With no past that he could remember and no memories to cherish, it is not hard to understand why Jason Bourne’s eyes do not show any emotion. He is no doubt, as efficient as a machine and almost acts like one too. Except when he decides to keep a photograph of him and Marie after burning all traces of her existence when she gets killed in Goa (The Bourne Supremacy). Or when he lingers over that partially-burned photograph on the train (The Bourne Ultimatum) and reminisces about Marie; the aching in his heart is very apparent.
Lisbeth Salander (The Girl With the Dragon Tattoo) is ruthless when she executes her revenge. The hardened look in her eyes has come about after many instances of abuse and throughout the movie, she comes across as an unsentimental person who is not to be messed with. And then this apparently “heartless” person goes and falls in love with journalist Mikael Blomkvist as they work together on an assignment. The latter of course, has other plans.
I am sure the sight of Mikael and Erika Berger walking happily and cozily wrapped around each other came as a crushing blow to Lisbeth and for a fleet second, I wondered who Lisbeth would next unleash her fury on—Mikael or the Other Woman. But this time around, she not only displays a heart but also a level of maturity that her legal guardian had earlier accused her of lacking in. She is heartbroken as she realizes she has no romantic future with Mikael and then, rides away.

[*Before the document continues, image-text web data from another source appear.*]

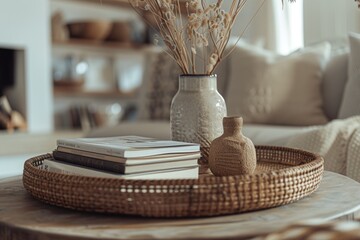 Canvas Print - A table with books and a vase. Suitable for home decor or educational themes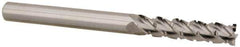 Accupro - 1/4" Diam, 1-1/8" LOC, 4 Flute Solid Carbide Roughing & Finishing Square End Mill - Uncoated, 3" OAL, 1/4" Shank Diam, Straight Shank, 40° Helix, Centercutting, Long Length - USA Tool & Supply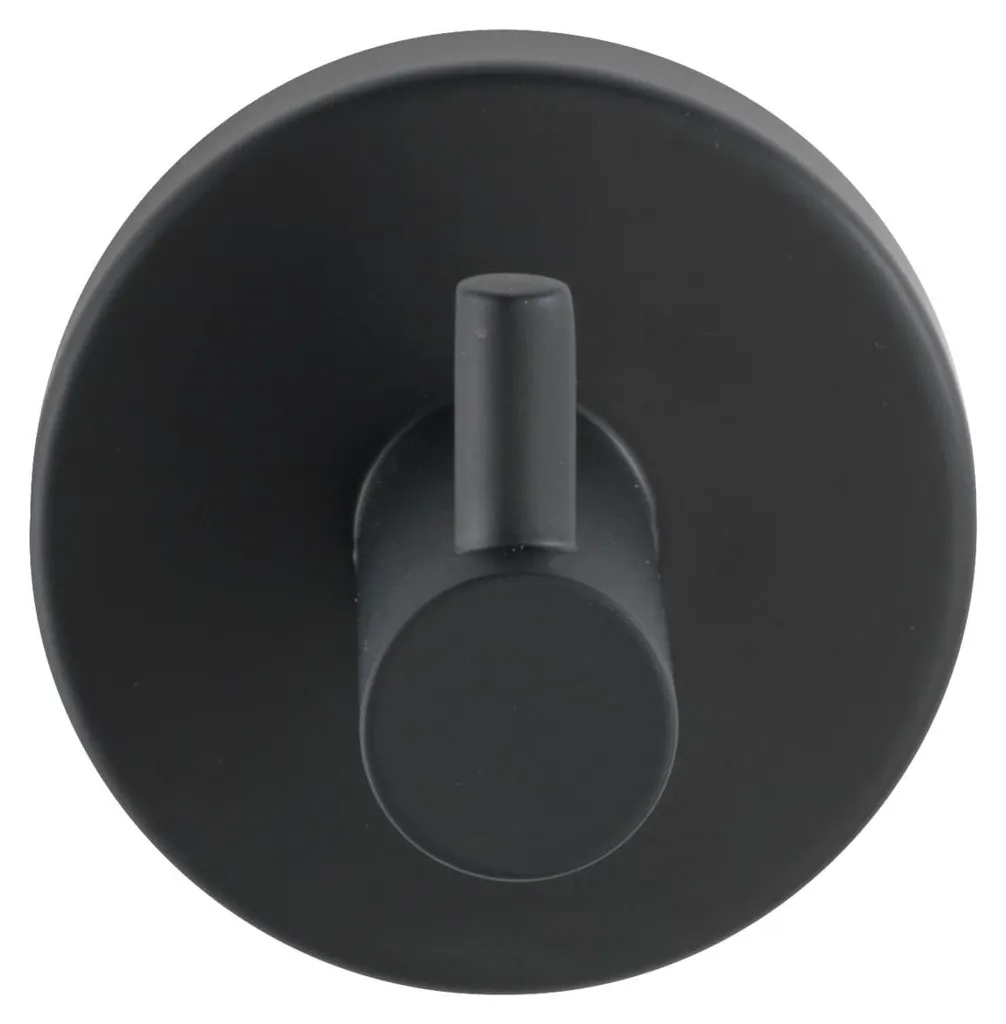 Patère murale ronde Uno Bosio noir mat en inox pour salle de bains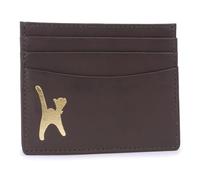 Catwalk Collection Handbags - Damen Leder Kreditkartenetui - Kartenetui Klein/Mini - 6 Kartenfächer - Geschenkbox - RFID Schutz - Polina - Braun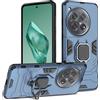 Btstring Cover per OnePlus 12, Grado Militare Custodia con Cavalletto in Metallo Rotante a 360°, Hard PC Back Cover e TPU Bumper AntiGraffio Antiurto Case- Blu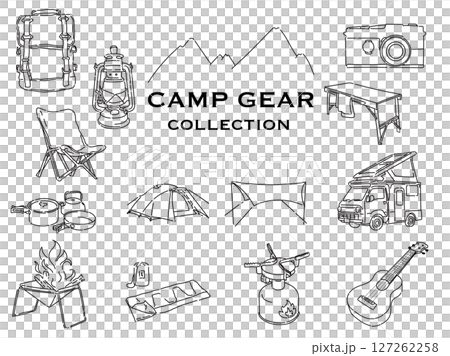 アウトドアのキャンプ道具の線画イラストのセット 127262258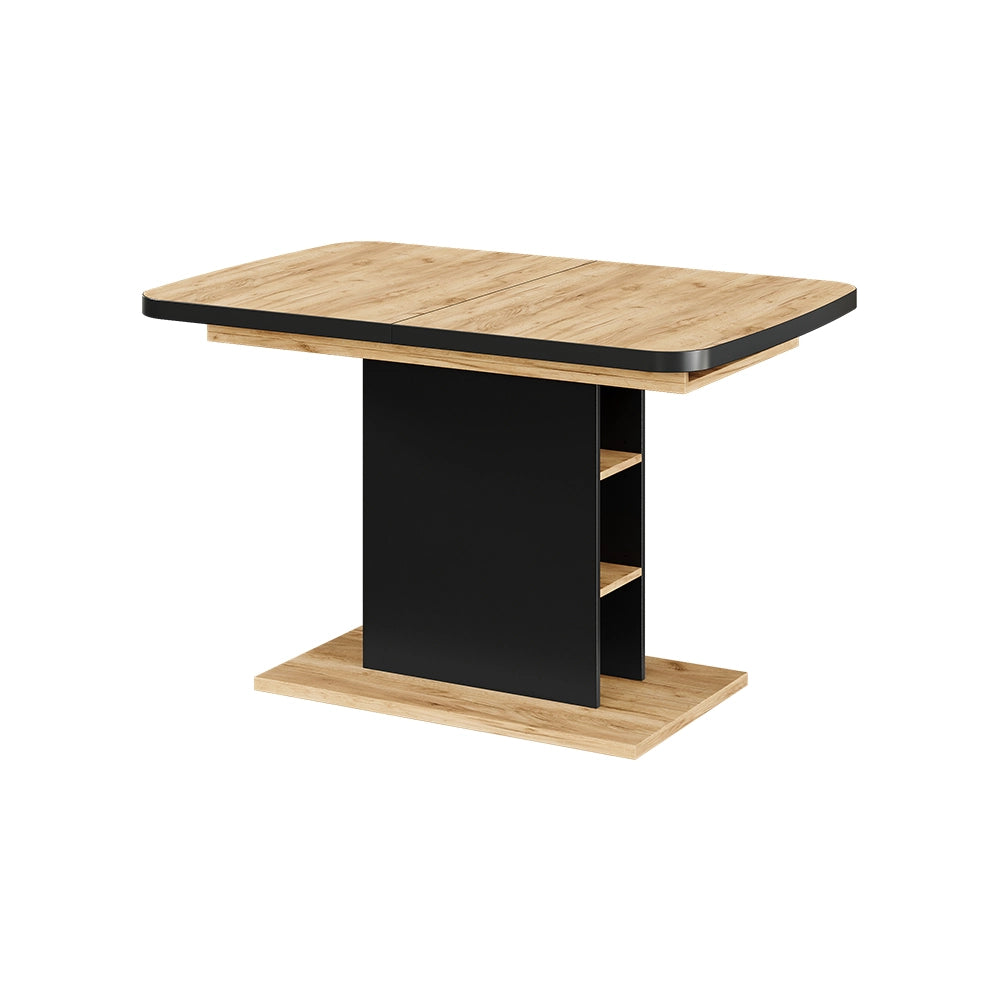 Vicco Tavolo da pranzo Estensibile Nero/quercia 120/160 x 80 cm con scomparti aperti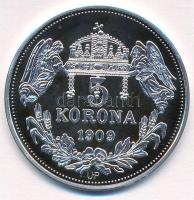 DN "Királyi koronák - Rudolf 5 korona 1909" Ag emlékérem tanúsítvánnyal (20g/0.999/38,61mm...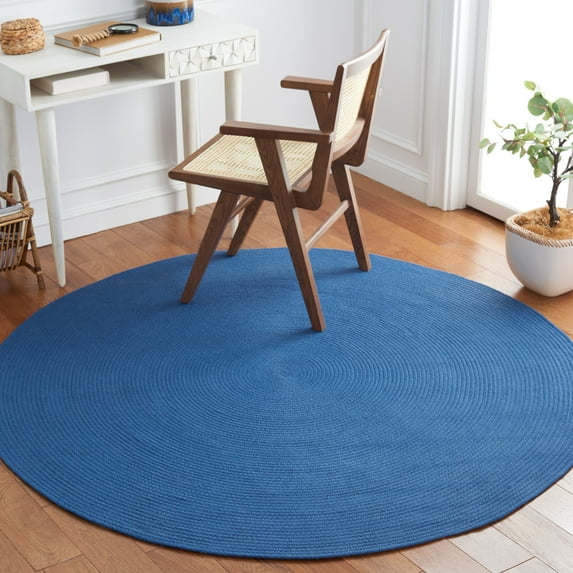 SAFAVIEH Braided Kader Solid Reversible Area Rug, Blue, 7' x 7' Round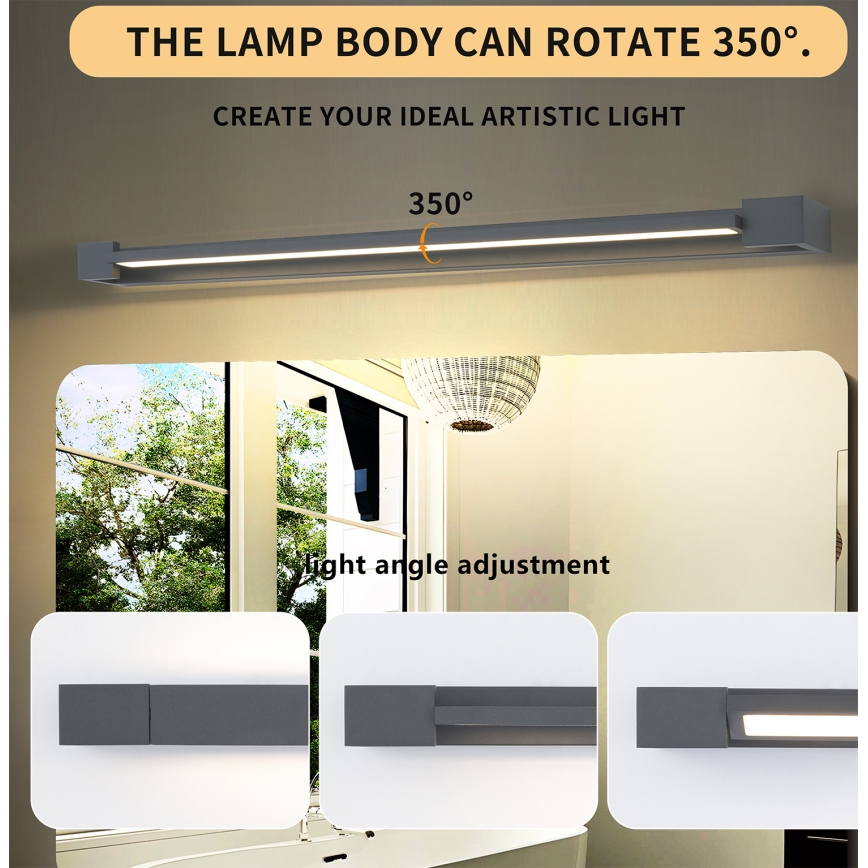 Brilagi - LED φωτισμός καθρέφτη μπάνιου AQUA LINE LED/24W/230V 90 cm IP44 ανθρακί CRI 90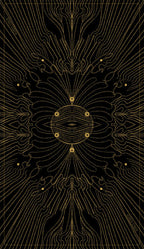 Decorative pattern with gold lines on a black background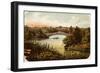 Lake and Bow Bridge in Central Park-null-Framed Giclee Print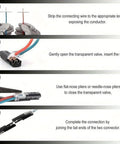 Steps to use Double Wire Plug In Connector With Locking Buckle No Tools Needed Quick Clip Fasteners for Strip Lights DIY Projects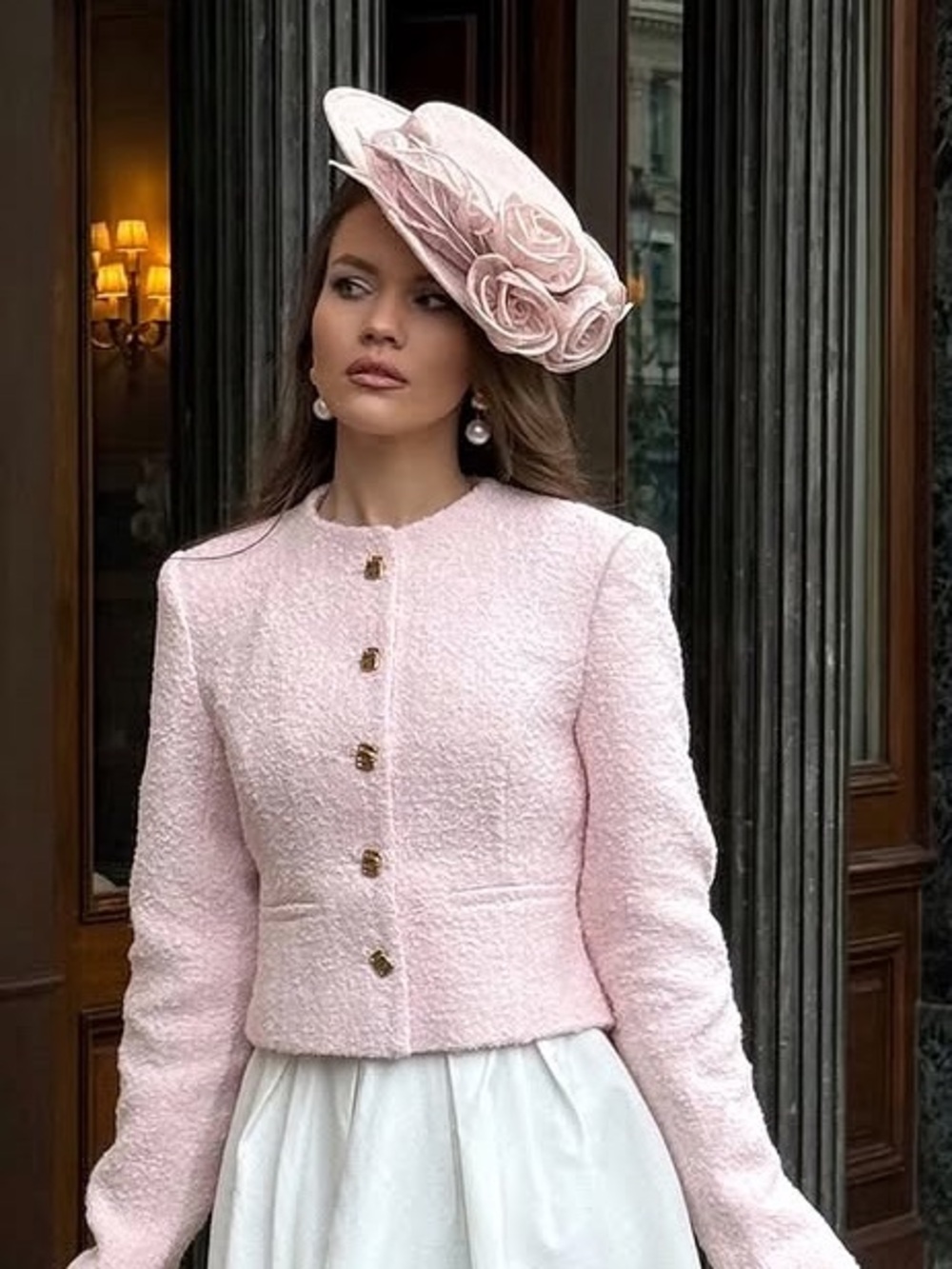 Meshki Pale Pink Bouclé Button Jacket with Gold Hardware - Picture 3 of 7
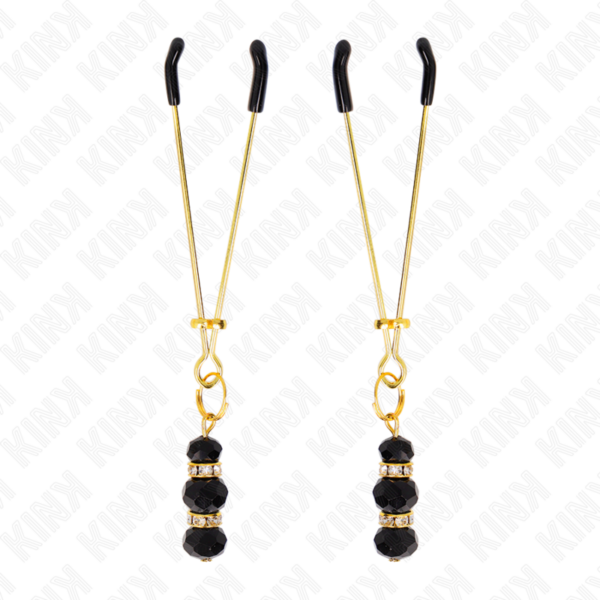 KINK - PINÇAS FINAS DOURADAS COM 3 CONTAS DE VIDRO PRETAS 7 CM - Image 2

These hints of hearts in seemingly mechanical characters come as pleasant surprises. For Dr. Watson, catching a glimpse of a heart in Sherlock Holmes was an intensely emotional experience, in The Adventure of the Three Garridebs. Holmes and Watson confront a dangerous criminal and Watson gets shot. In an instant, Holmes springs to Watson’s aid and the latter does not fail to notice the concern and the angst in the detective’s eyes. Watson is touched: “It was worth a wound—it was worth many wounds—to know the depth of loyalty and love which lay behind that cold mask. The clear, hard eyes were dimmed for a moment, and the firm lips were shaking. For the one and only time I caught a glimpse of a great heart as well as of a great brain.”